Потом Маша думала о Кристине. Думала, что плохо была с ней знакома; что, может, стоило узнать ее поближе — когда-то раньше, не теперь; что Кристина красивая женщина, наверное, слишком красивая для того, чтобы другая женщина захотела узнать ее поближе. Как ни странно, мысли о Кристине волновали Машу гораздо сильнее, чем мысли об Игоре. Маша решила, что это волнение — просто зависть к безусловной, неоспоримой красоте Кристины, красоте, которая существовала сама по себе, вне моды, вне времени и чьих-либо вкусовых предпочтений. Маша вытащила из книжного шкафа альбом с фотографиями и долго сосредоточенно в нем рылась, но не нашла ни одного группового снимка, где в кадр попал хотя бы кусочек Кристины.
Машу осенила страшная догадка: любовь к Игорю никуда не исчезла. Она стала еще больше, намного больше и распространилась даже на его новую подругу. Нет, хуже. Не распространилась, а перекинулась. Какая уж тут крепкая психика. Маша побежала в ванную, мнительно выпила валерьянки и села за компьютер. Ей нужно было закончить взятый на дом перевод, но вместо документа она открыла браузер и набрала в окошке поисковика «кристина герцель». «Кристина Орбакайте выходит замуж», — на всякий случай сообщил поисковик. Картинок по данному запросу не обнаружено. А Маше хотелось картинок. Хотелось разглядывать совершенное лицо Кристины — в фас, в профиль и в три четверти, с улыбкой на камеру и со взглядом куда-то мимо и вдаль. Разглядывать ее одежду, позы, выхваченные жесты. Если уж начистоту, хотелось картинок с голой Кристиной. Движущихся картинок. Маша закрыла глаза и мысленно пририсовала рядом с голой движущейся Кристиной голого движущегося Игоря. Это было отвратительно. С таким же успехом его нескладное волосатое тело можно было пририсовать рядом с Данаей или Шоколадницей. Маша очистила картинку от Игоря и вскользь подумала, что, должно быть, сходит с ума.
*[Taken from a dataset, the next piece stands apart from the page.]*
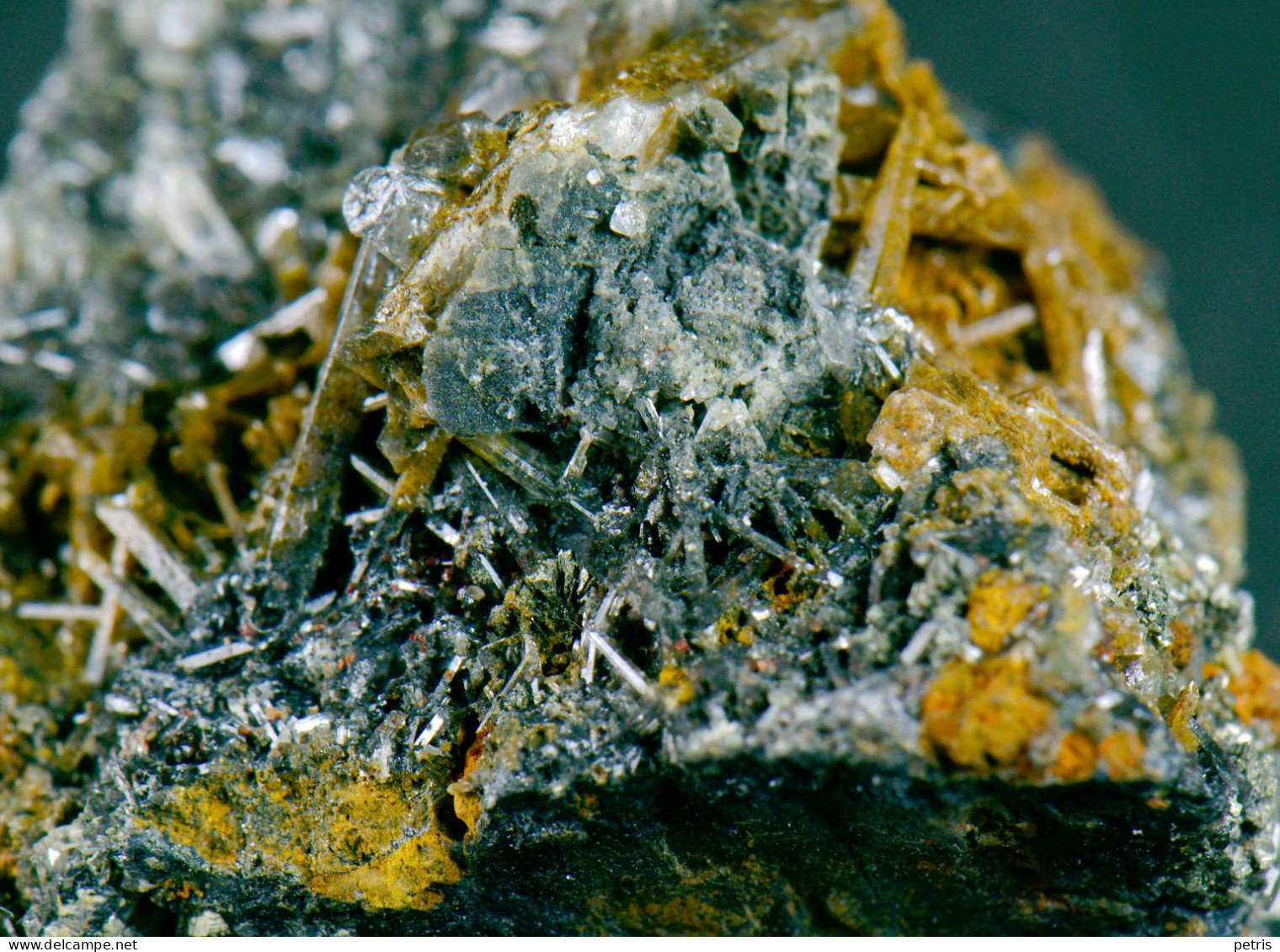 Mineral - Cerussite Su Galena (Isola D'Elba, Italia) - Lot. 1157 - Minéraux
Вечером в баре Маша пьяно рыдала над тарелкой с поплывшим салатом, а усатый незнакомец, подсевший к ней за столик, обнимал ее за плечи.
Сквозь икоту и всхлипы Костя расслышал: «Я люблю Кристину», — и почти сразу незнакомка поцеловала его в губы. У поцелуя был вкус слез, помады, майонеза и алкоголя. В ту ночь он не взял женщину с собой, да, впрочем, и не мог. Когда он вернулся, жена уже спала. Костя прокрался в гостиную и лег на диван. В кои-то веки, думал он, встретил в баре женщину с живым, милым человеческим лицом, — и та оказалась лесбиянкой. Потом Костя заснул и увидел сон о Кристине. Он не знал, что одновременно с ним сон о Кристине видят еще как минимум трое.